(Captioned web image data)
────────────────────────────────────────
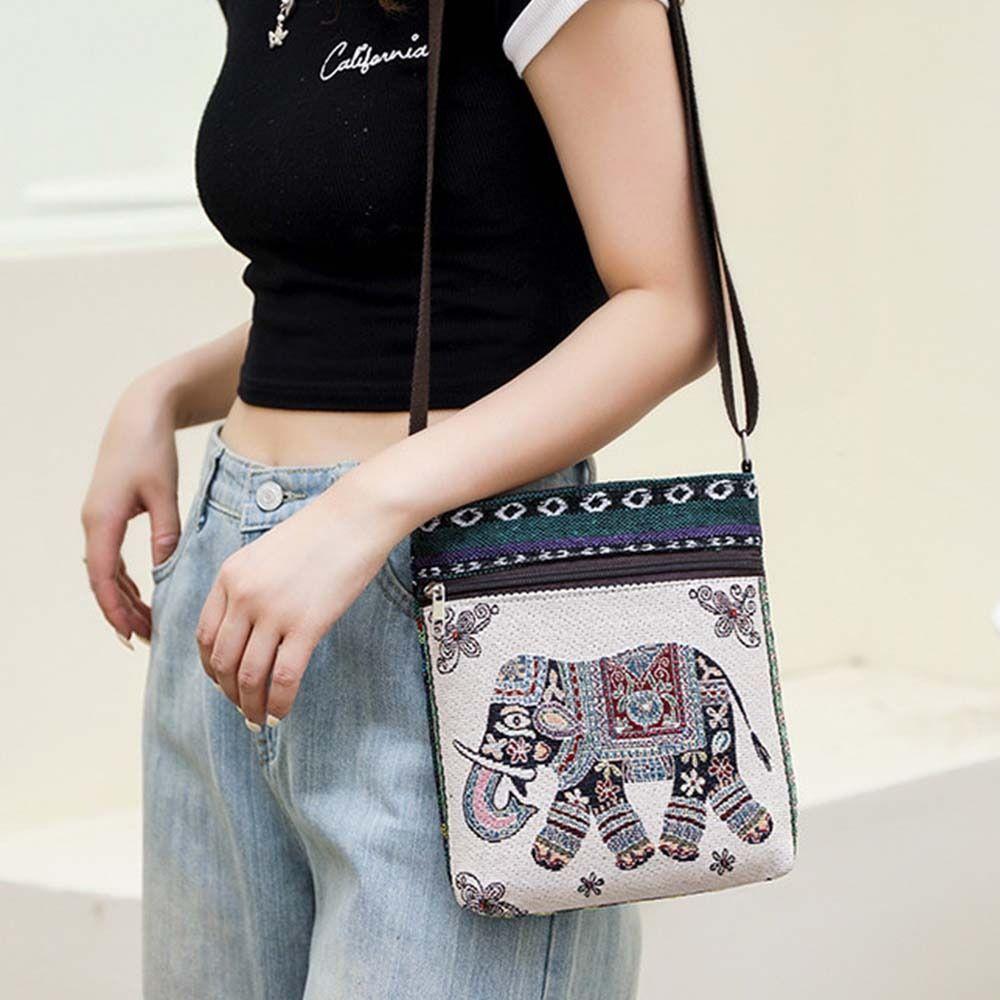 Butterfly Cute Elephant Cloth Bag Embroidery Animal Shoulder Bag  Grocery Handbags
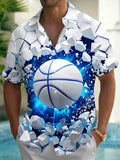 Oceanlyte Men's 3D Basketball Breaking Through Wall Print Short Sleeve Shirt with Chest Pocket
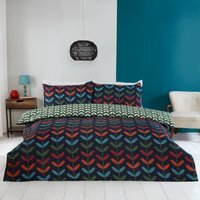 Jules Microfibre Polyester Floral Reversible Duvet Cover Set With Pillowcase - Navy / Single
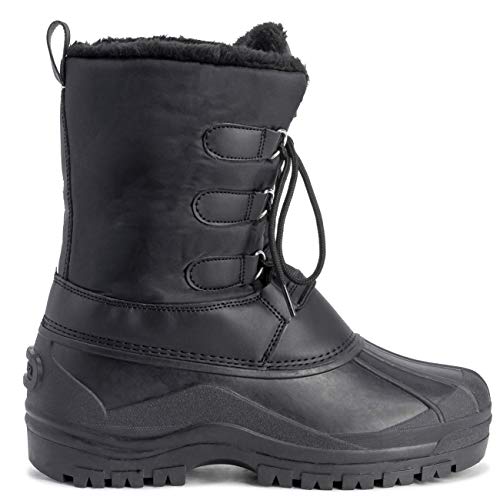 Hombre Cordones Corto Nylon Invierno Nieve Lluvia Cordones Pato Botas - BLK44 - AYC0141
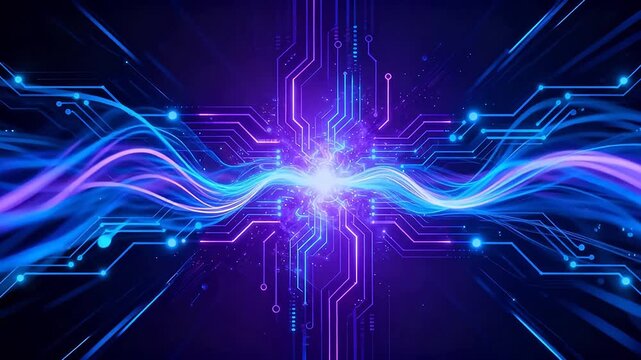 Abstract digital circuit with glowing waves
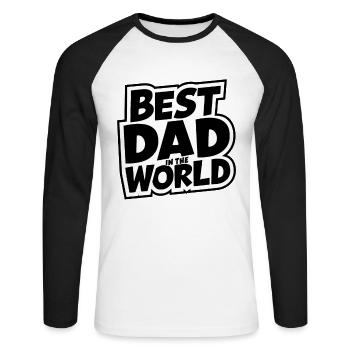 Best Dad Forever for Father's Day or Birthday - Unisex Long Sleeve Baseball T-Shirt - white/black - Front - Nik (191cm)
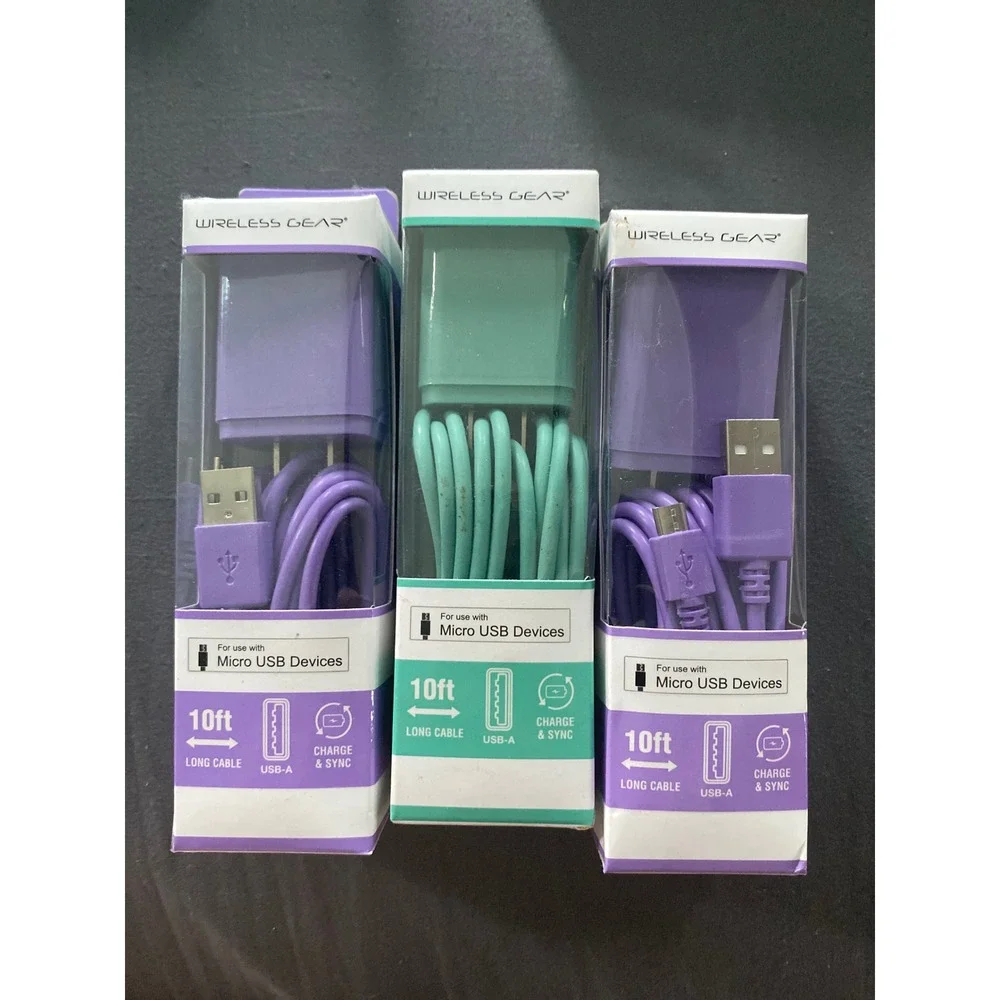 Wireless Gear 10ft Micro USB Cable & Wall Charger Lot 3 Purple Teal BL BL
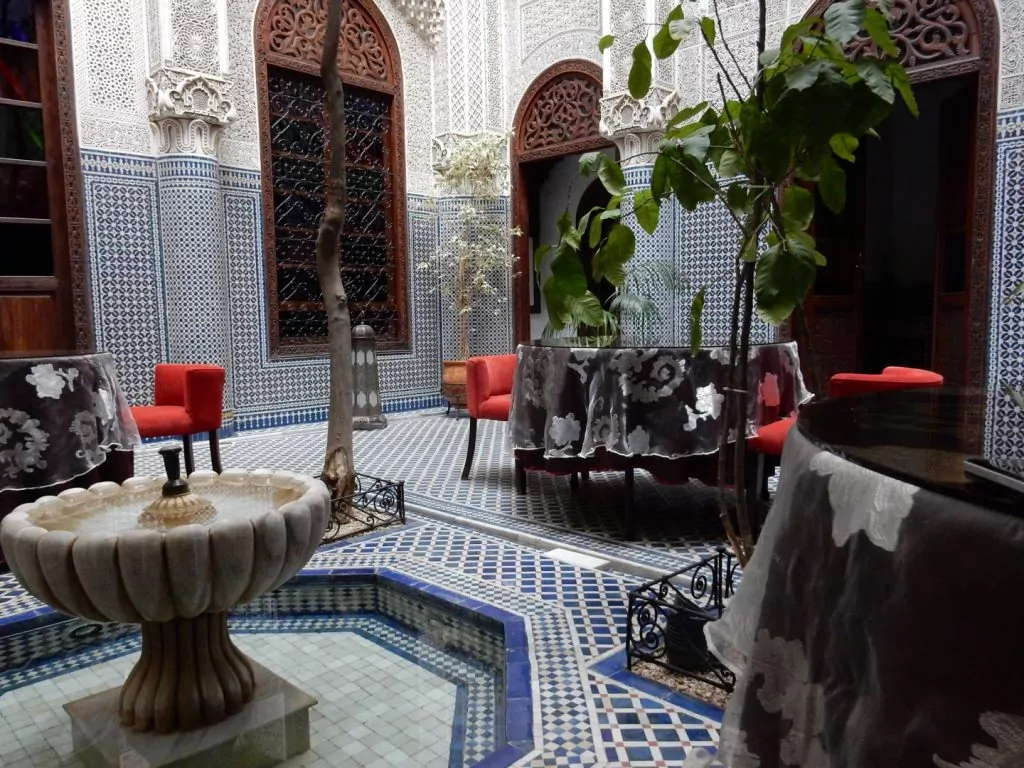 Ryad Alya courtyard where I am writing this post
────────────────────────────────────────
**Requirement**:
The answer must reproduce every line of the records above exactly, with all pictures left out.

**Expected answer**:
 Butterfly Cute Elephant Cloth Bag Embroidery Animal Shoulder Bag  Grocery Handbags
 Oceanlyte Men's 3D Basketball Breaking Through Wall Print Short Sleeve Shirt with Chest Pocket
 Jules Microfibre Polyester Floral Reversible Duvet Cover Set With Pillowcase - Navy / Single
 Hombre Cordones Corto Nylon Invierno Nieve Lluvia Cordones Pato Botas - BLK44 - AYC0141
 Abstract digital circuit with glowing waves
 Best Dad Forever for Father's Day or Birthday - Unisex Long Sleeve Baseball T-Shirt - white/black - Front - Nik (191cm)
 Wireless Gear 10ft Micro USB Cable & Wall Charger Lot 3 Purple Teal BL BL
 Ryad Alya courtyard where I am writing this post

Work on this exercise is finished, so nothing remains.